We have multiple tables with similar structures, and we consolidate them into covering views using UNION ALL statements. The source tables do not have exact column names, or data types. The tables/views are wide enough and with enough UNIONs such that it makes updating and maintaining the views a nightmare. To taht end I have built a meta-data driven dynamic SQL process to ease this maintenance going forward.
Having built the meta-data tables and procedure, I do not wish to unleash it upon my colleagues without adding the meta-data, nor do I want to populate it all myself by hand. Therefore I was hoping to extract the column data types and ordinality from system views/procs/funcs via a one-time script.

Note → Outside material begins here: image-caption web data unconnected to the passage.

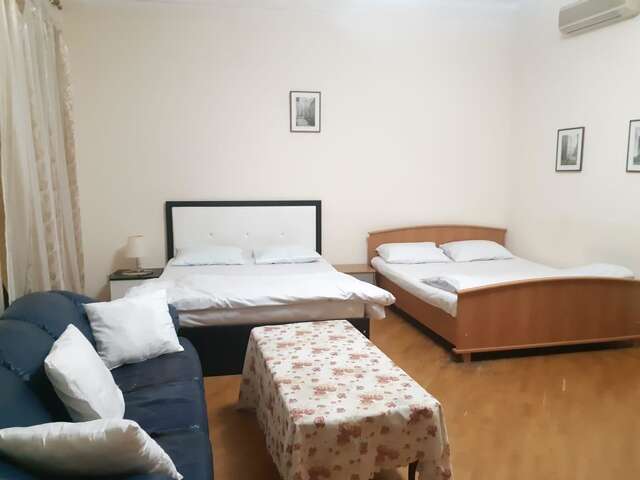 Хостелы NIZAMI VIEW HOSTEL AND GUEST HOUSE Баку-7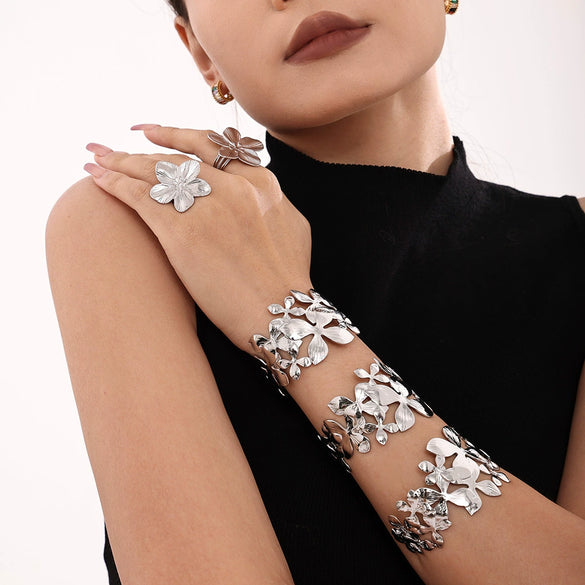 316L Stainless Steel French Flower Wide Opening Bracelet Pvd Electroplated Minimalist Geometric Style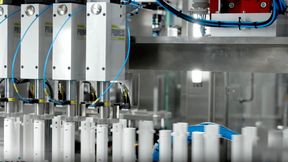 Montagelinie mit universellen Fügemodulen Präzision 5 für die Herstellung von Insulinpens (Bild: Promess)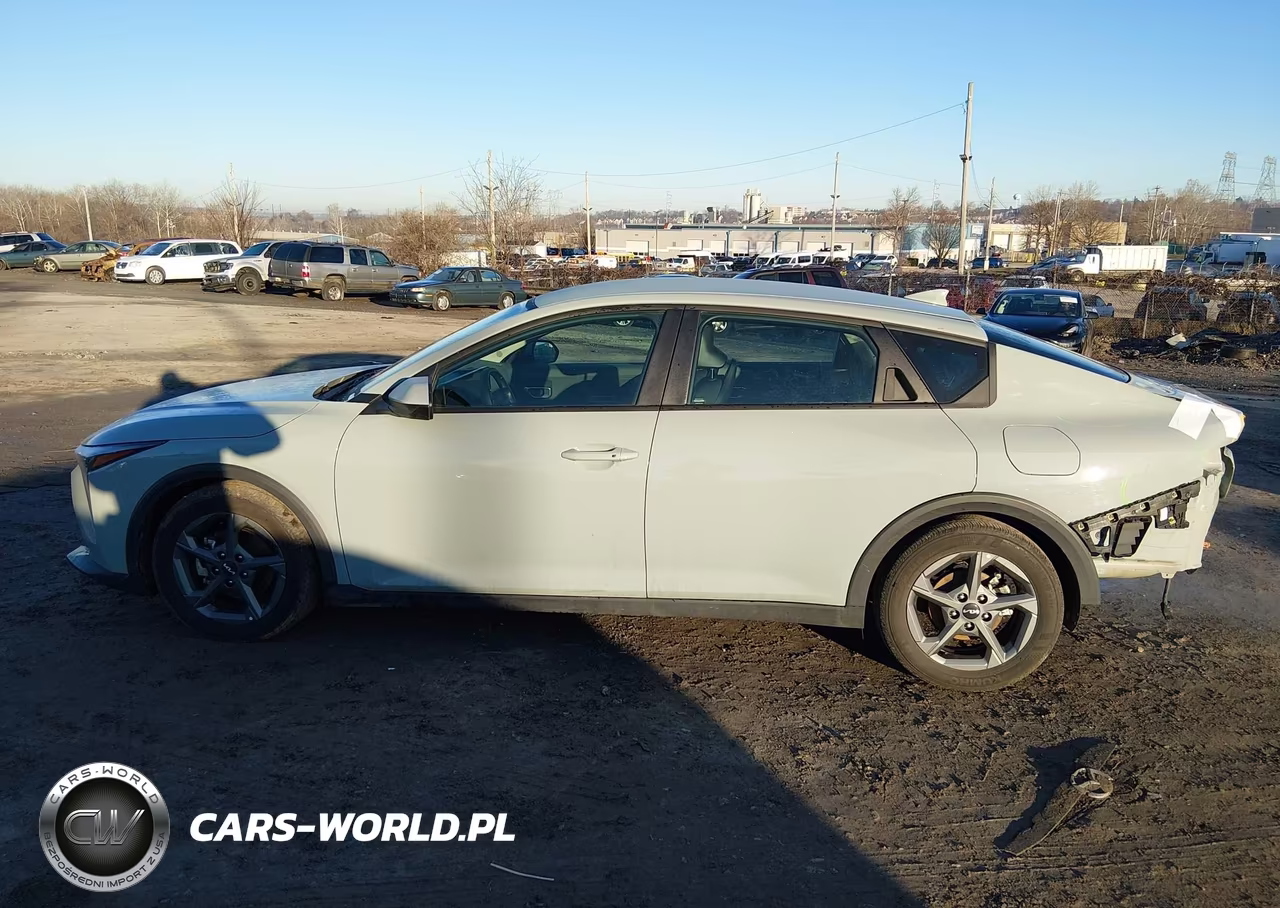 2025 Kia K4 Lxs VIN:3KPFT4DE2SE045823 - 14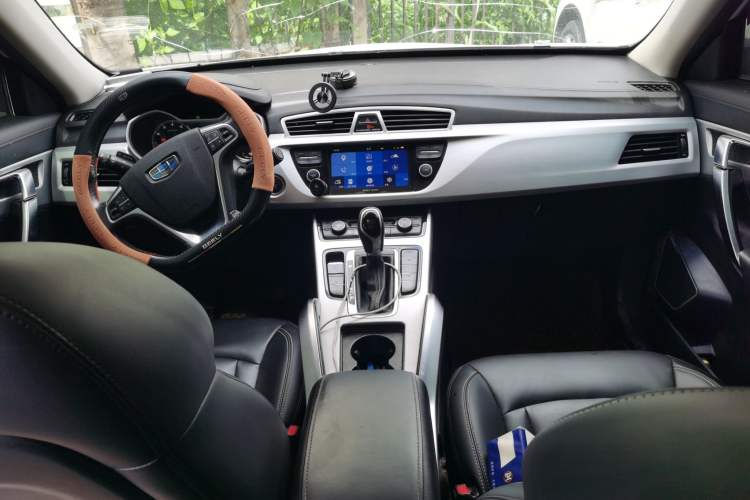 Used Geely Auto Emgrand X7 Sport 2016 1.8TD Automatic ZhiShang Model Center Console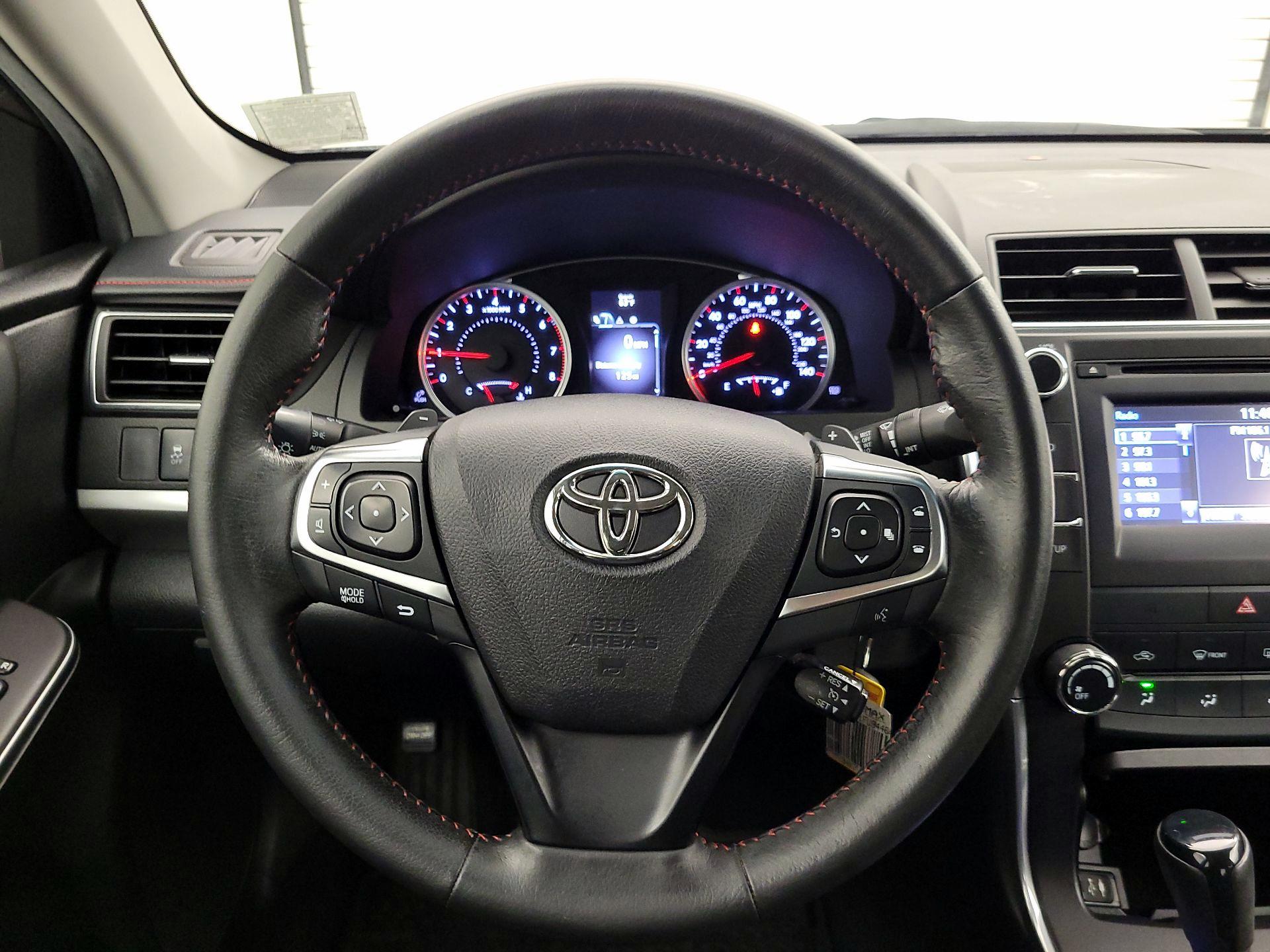 Thumbnail: 2015 Toyota Camry - 10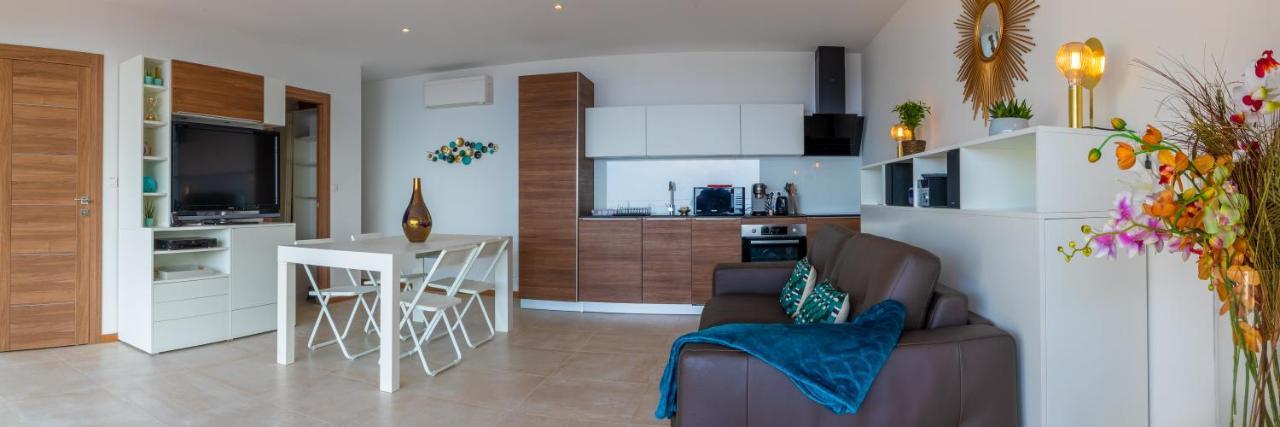 Le Rayol-Canadel-sur-Mer Vistazur Luxueux Appartement Avec Terrasse Et Piscine מראה חיצוני תמונה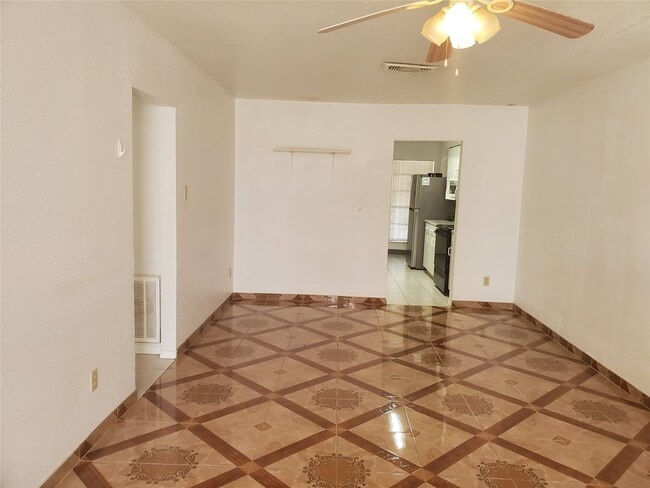Photo - 15051 Woodforest Blvd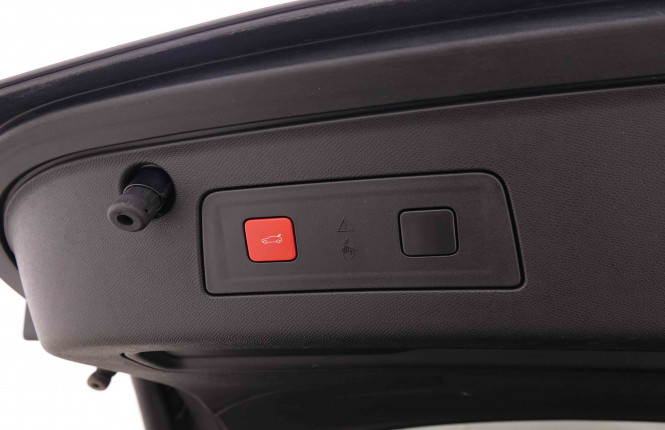 PEUGEOT_PEUGEOT_508_2548334_11.jpg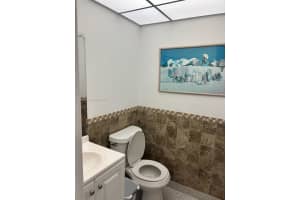 602 Flanders M M, Delray Beach, FL 33484 - MLS#A11865824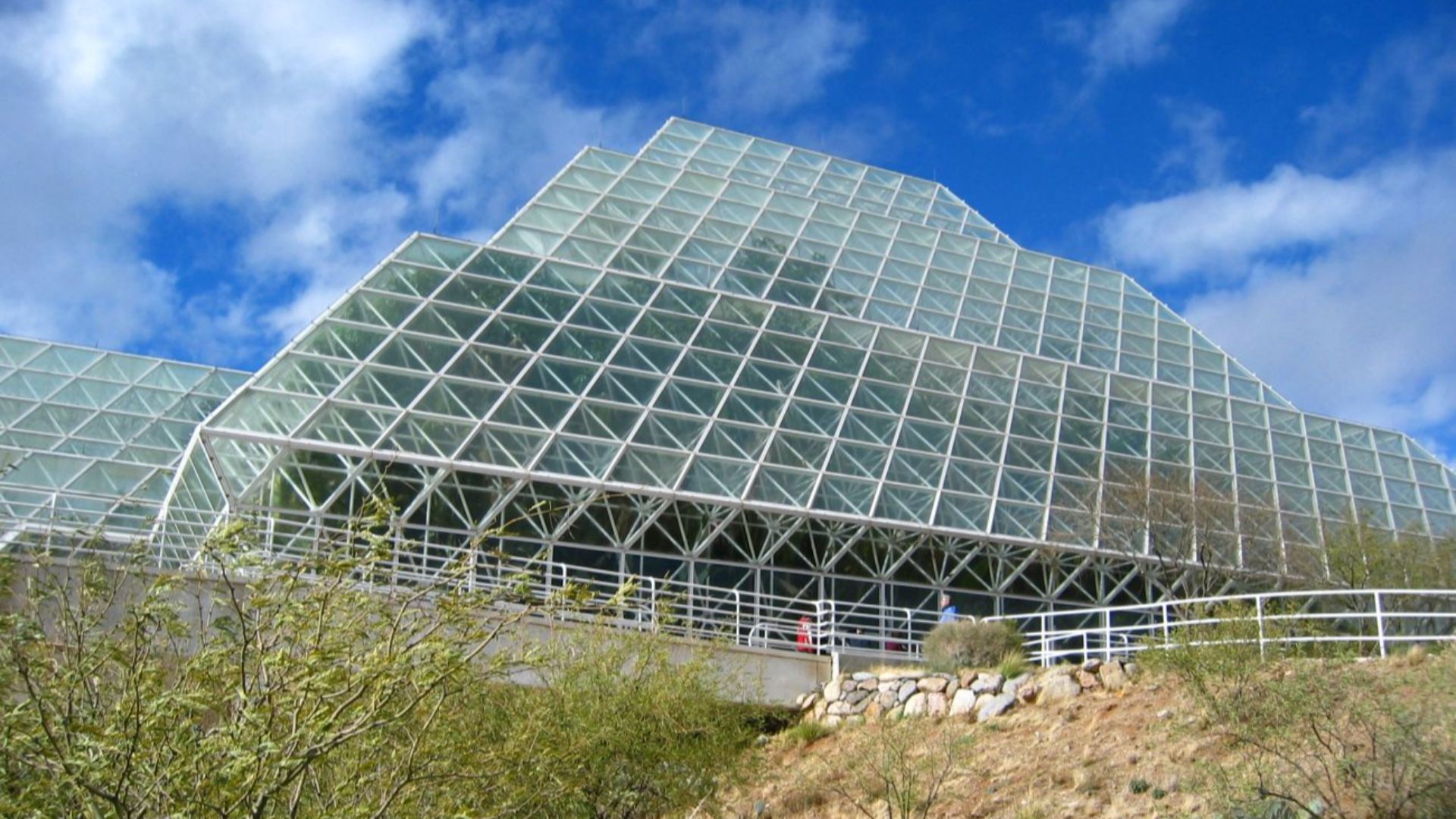 File:Biosphere2 aussen.JPG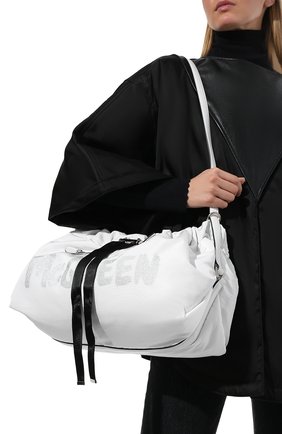 Женская сумка the bundle ALEXANDER MCQUEEN белого цвета, арт. 669589/16XA0 | Фото 2 (Сумки-технические: Сумки через плечо; Ремень/цепочка: На ремешке; Материал: Текстиль; Размер: large)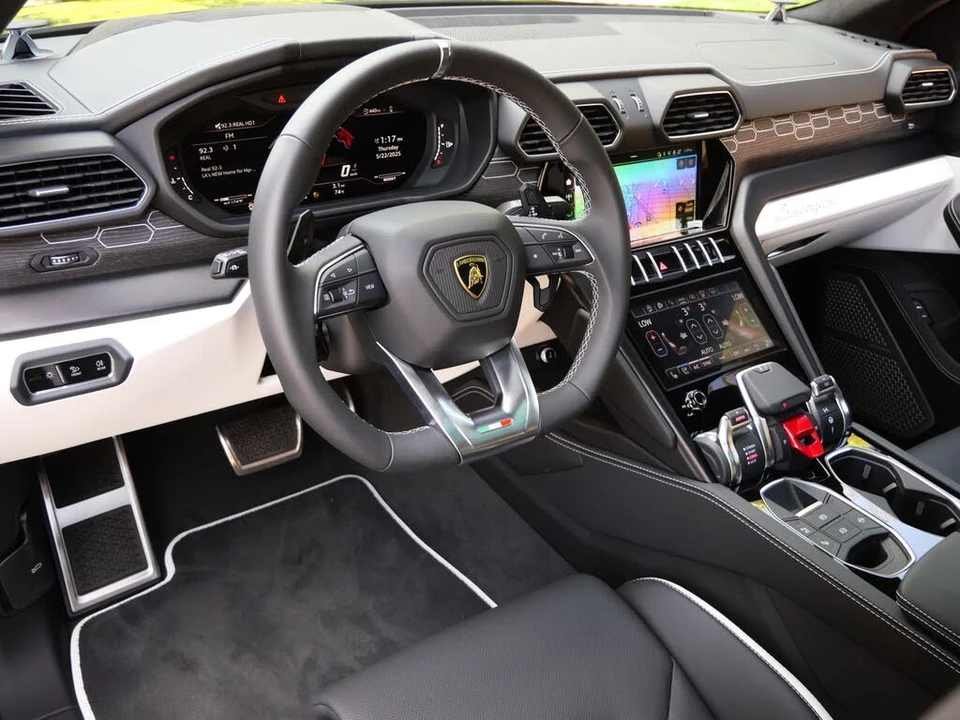 2024 Lamborghini Urus S - Image 14 of 28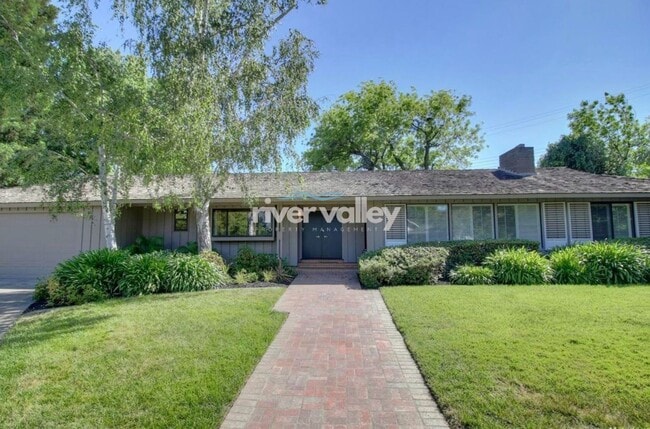 Building Photo - Elegant Fully Renovated 3/3 in Fair Oaks!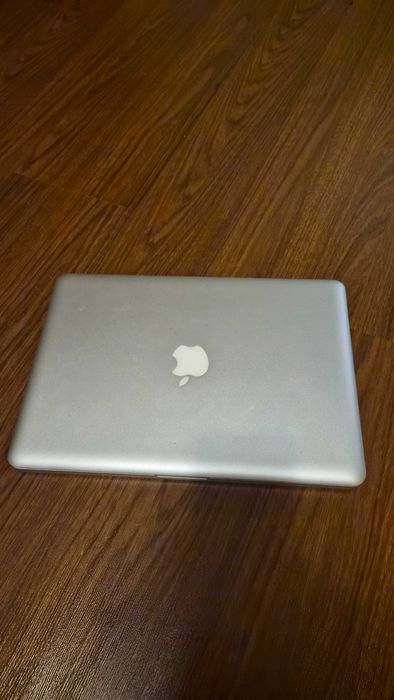 Apple MacBook Pro 7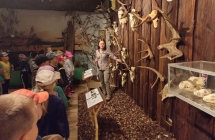 Dzieci w Izbie edukacyjnej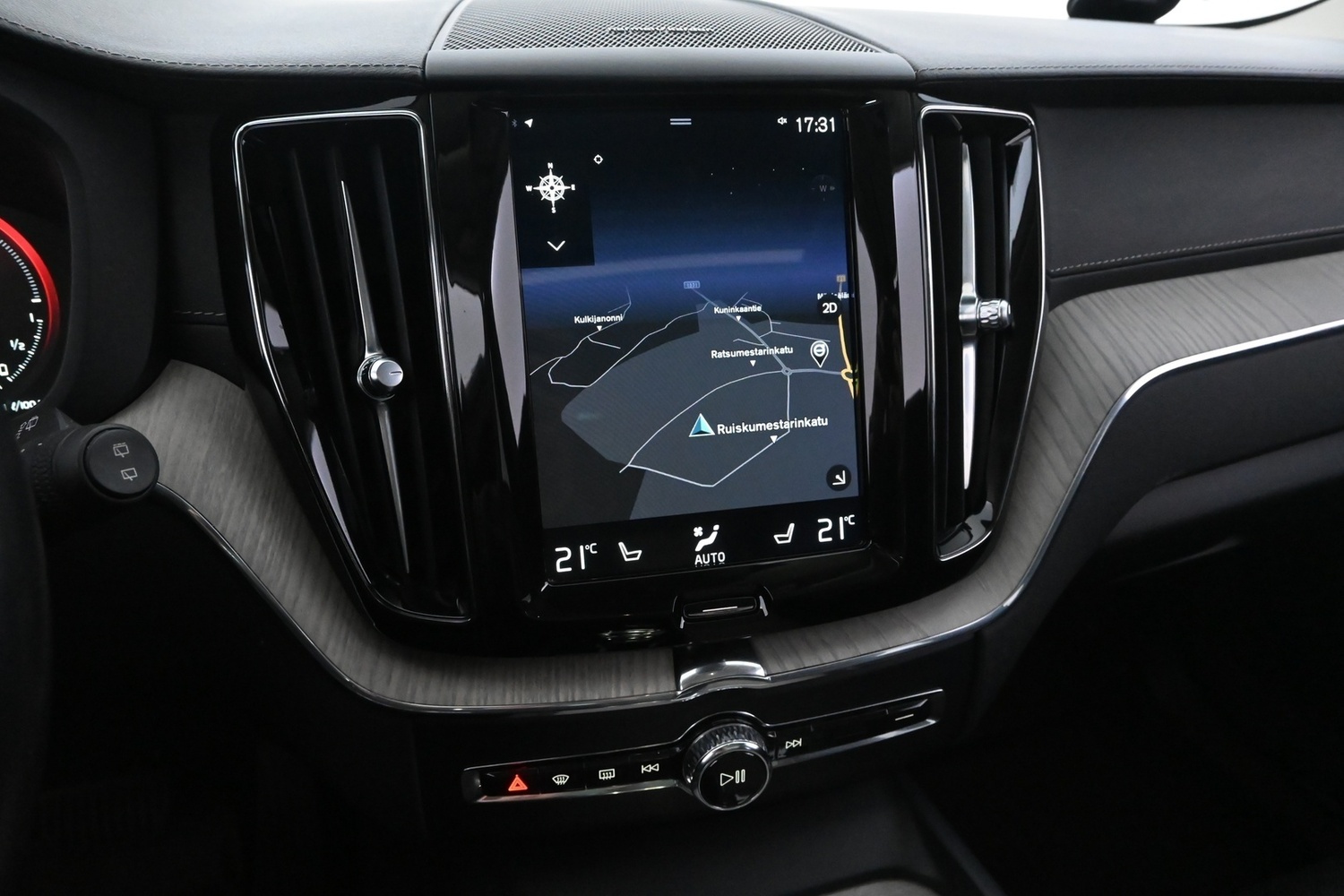 Volvo XC60 vaihtoauto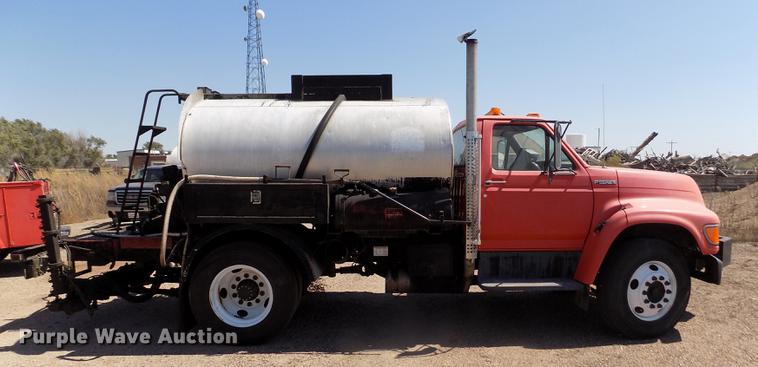 image for item DD5904 1998 Ford F800 oil distribution truck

Is it at all possible to retrieve this information programatically?
Example view:
CREATE VIEW info.vw_ActivitySummary AS
SELECT
Financial_Year AS FINANCIAL_YEAR
, CAST(NULL AS INT) AS IMPORT_ID
, Monthly_Activity AS ACTIVITY_VALUE
FROM info.Activity_2324
UNION ALL SELECT
FINANCIAL_YEAR AS FINANCIAL_YEAR
, ImportFlowNumber AS IMPORT_ID
, CAST(NULL AS DECIMAL(38,19)) AS ACTIVITY_VALUE
FROM info.Activity_2223
Research led me to try this DMF:
SELECT * FROM sys.dm_sql_referenced_entities('info.vw_ActivitySummary', 'object')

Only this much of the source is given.